Remarks Before the Exchequer Club of Washington, D.C.
Commissioner Paul S. Atkins
U.S. Securities and Exchange Commission
July 16, 2008
Thank you, Karen [Thomas], for the warm introduction. I am honored to speak to the Exchequer Club of Washington, D.C. As you probably are aware, the views I express here are my own and not necessarily those of the United States Securities and Exchange Commission or my fellow Commissioners.
It is appropriate that we are meeting today only a few blocks from the White House. On this day in 1790, Washington, D.C. became the official seat of the United States government. In the Compromise of 1790, James Madison, Alexander Hamilton, and Thomas Jefferson agreed that the federal government would assume the Revolutionary War debt carried by the thirteen States on the condition that the new national capital would be located in the South.
On July 16, 1790, the Residence Act provided for a new permanent capital to be located where we are today, on the banks of the Potomac River. Both Maryland and Virginia designated land for the federal district. George Washington — who had his family plantation, Mount Vernon, conveniently located down the Potomac — chose the exact site for the city, and it was named in his honor the following year, on September 9, 1791.
Of course, some people were upset at the time that our nation's capital would not be located in one of the top economic centers: New York, Philadelphia, Boston, Charleston, or Baltimore. Although our founding fathers certainly did not realize all of the ramifications of their decision at the time, their choice in not trying to place the seat of government in the same city as a major commercial hub perhaps shaped national economic policy. By being separated physically from the major markets and being consigned to what essentially was a provincial city until relatively recently, our governing officials certainly lacked a day-to-day connection with the markets.

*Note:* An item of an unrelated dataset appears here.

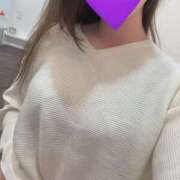 ヒメ日記 2025/10/17 15:51 投稿 りお★気品漂う従順美女 BUNNY PLAS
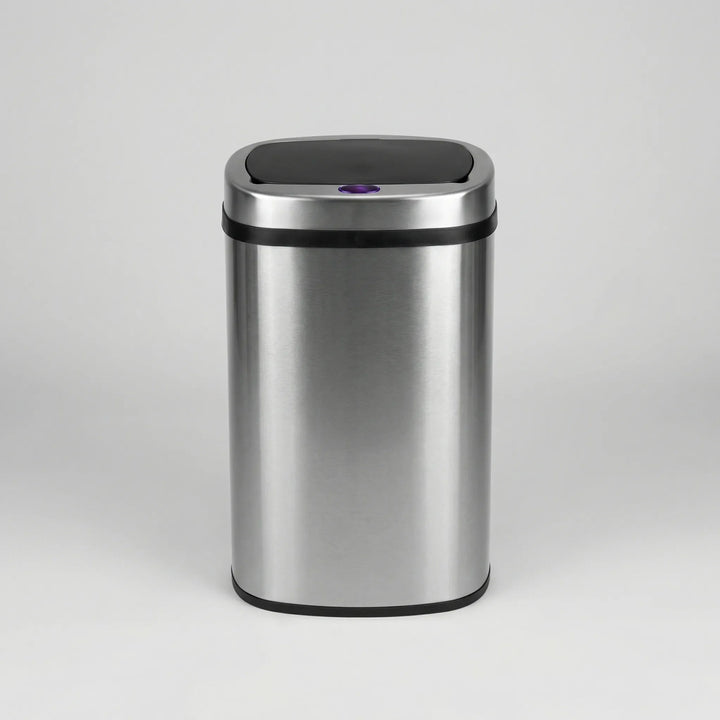 Senvex - Automatic Sensor Touchless Trash Can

If you go to a dinner party and everyone else is also a government worker or otherwise connected to the government, your world view may be colored by that lack of diversity. On the other hand, the separation from being in a large commercial city may have decreased — at least to some extent — the interest of those government officials to interfere in our markets during the first century of our nation's existence. That may have been at least one reason that our free market system grew and flourished.
Today, the financial markets are going through some difficult times. I have heard some questioning of the President's optimism. The financial sector is in turmoil because of issues relating to the lack of available credit, the securitization of certain home mortgages, and business and investment decisions made by professionals. But, we must not lose sight of the fact that what goes on in Wall Street does not necessarily translate to Main Street. Corporate balance sheets remain strong, productivity remains high, unemployment remains low by historical standards, and exports are increasing. It is important not to lose sight of those facts.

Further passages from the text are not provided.